══ EXTRACTED ENTRIES ══

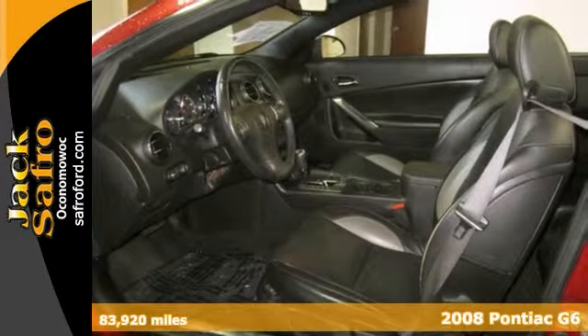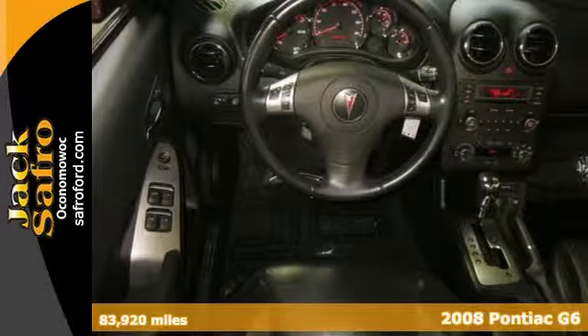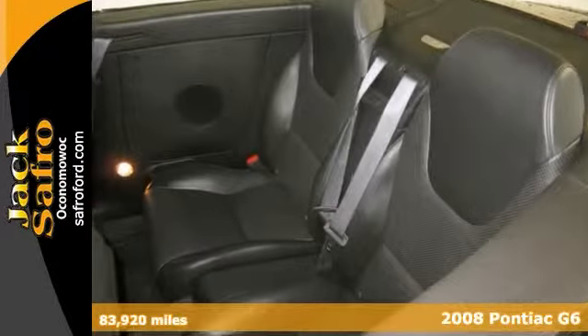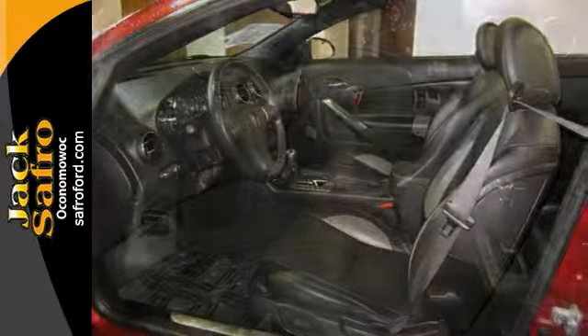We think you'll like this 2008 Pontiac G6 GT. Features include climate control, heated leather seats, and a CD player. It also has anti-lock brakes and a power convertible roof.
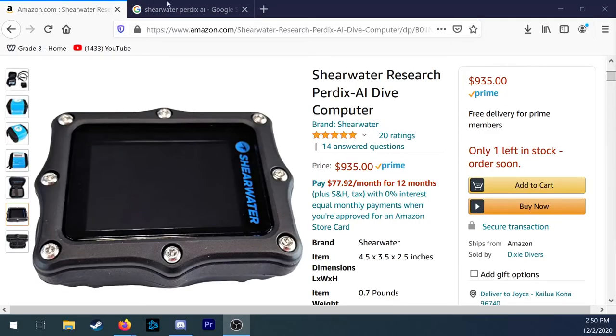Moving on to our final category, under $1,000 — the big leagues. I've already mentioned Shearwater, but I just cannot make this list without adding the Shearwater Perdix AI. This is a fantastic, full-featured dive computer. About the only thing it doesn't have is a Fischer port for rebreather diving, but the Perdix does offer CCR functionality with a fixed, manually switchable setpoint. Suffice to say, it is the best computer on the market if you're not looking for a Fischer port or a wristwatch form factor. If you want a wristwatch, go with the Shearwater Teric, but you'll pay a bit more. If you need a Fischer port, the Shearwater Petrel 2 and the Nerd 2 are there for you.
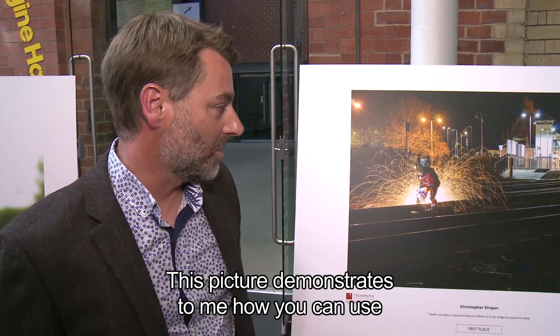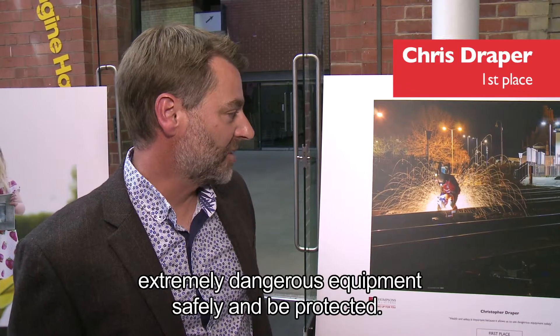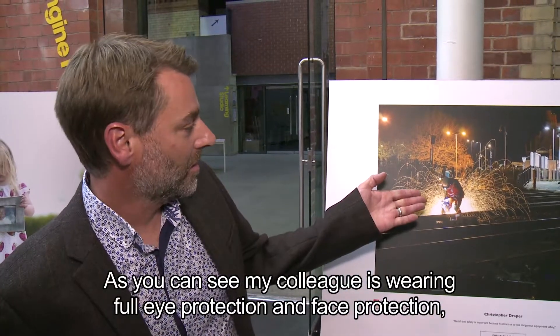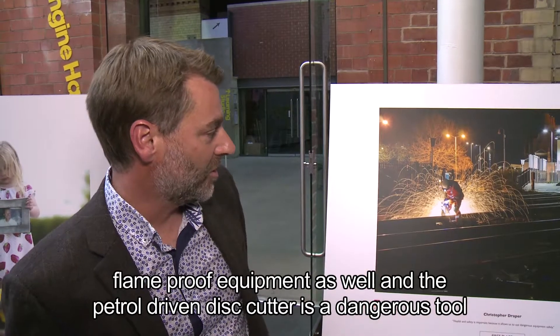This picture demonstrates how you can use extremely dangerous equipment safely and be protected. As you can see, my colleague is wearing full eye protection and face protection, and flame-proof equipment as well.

═══
══ EXTRACTED ENTRIES ══

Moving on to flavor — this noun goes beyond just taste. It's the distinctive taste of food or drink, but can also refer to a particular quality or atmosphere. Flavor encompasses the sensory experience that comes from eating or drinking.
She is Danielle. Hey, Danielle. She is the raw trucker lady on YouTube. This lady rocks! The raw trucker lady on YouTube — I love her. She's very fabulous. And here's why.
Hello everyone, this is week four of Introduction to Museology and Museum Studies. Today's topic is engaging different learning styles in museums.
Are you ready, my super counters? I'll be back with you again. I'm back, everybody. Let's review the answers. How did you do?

═══

WHAT YOU HAVE TO DO:
Take the lines above from the one containing "She is Danielle." to the one containing "Are you ready, my" and retype them exactly, both ends included, with nothing added.

RESULT OF THE EXERCISE:
She is Danielle. Hey, Danielle. She is the raw trucker lady on YouTube. This lady rocks! The raw trucker lady on YouTube — I love her. She's very fabulous. And here's why.
Hello everyone, this is week four of Introduction to Museology and Museum Studies. Today's topic is engaging different learning styles in museums.
Are you ready, my super counters? I'll be back with you again. I'm back, everybody. Let's review the answers. How did you do?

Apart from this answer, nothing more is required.